1. He calls it "this abominable thing." Thus he brands it. See how justly. For what do we call abominable? Is wrong done to a benefactor abominable? Is not every sin such a wrong? God does not command more than he deserves when he says, "Thou shalt love the Lord thy God with all thy heart," etc. What do we not owe to him? and how do we requite him? Is wrong done to one who has entrusted his goods to us that we may employ them for him, who has made us his stewards that we may employ rightly that which he has committed to our care, - is faithlessness to such abominable? But is not sin precisely such a wrong? Our mind, affections, will, our body with all its faculties and passions, - what are they aught else but our Maker's goods with which, as stewards, he has entrusted us? Let conscience declare the use we have made of them - that sin makes of them. Is wrong done to the defenceless and innocent abominable? Do we not cry out loudly against such a one? But is not sin such a wrong? We sin not to ourselves. We entail the consequences of our actions on those who cannot defend themselves, who are utterly innocent, and who will surely suffer by what we do. No man dieth to himself. He drags down in the vortex in which he himself is engulfed children, friends, neighbours, companions, all whom he has influenced and helped to make sinful like himself. Is wrong done to vast numbers abominable, so that when we hear of how one has brought ruin upon multitudes our anger against him grows the more? Surely it is so. But where do the ever-widening circles of sin's deadly influence stop? How wide an area do they enfold? "Jeroboam the son of Nebat... made Israel to sin." Is that which pollutes and defiles, which is sensual and unclean, abominable? But sin is guilty of all this. For all these reasons and others sin is an abominable thing.

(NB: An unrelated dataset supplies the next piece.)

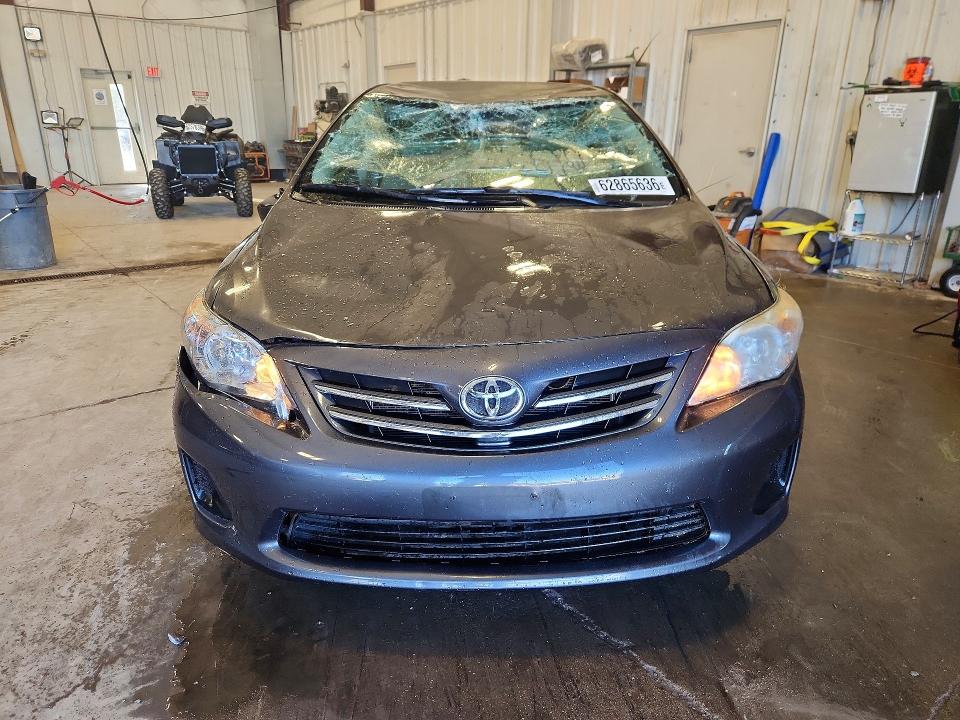 Photo 5 from auction – 2013 TOYOTA COROLLA with VIN 2T1BU4EE1DC087041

2. He hates it. "Do not...that I hate!" God hates nothing that he has made. To us some creatures are hateful and some persons. But not so to God. He does not hate even the sinner, but only his sin. It is not alone that it is abominable in its own nature that he hates it, but it works such ruin, spreads sorrow and desolation far and wide. It has opened and peoples the abodes of the lost. And it does despite and dishonour to the Son of God. How, then, can God do otherwise than hate it?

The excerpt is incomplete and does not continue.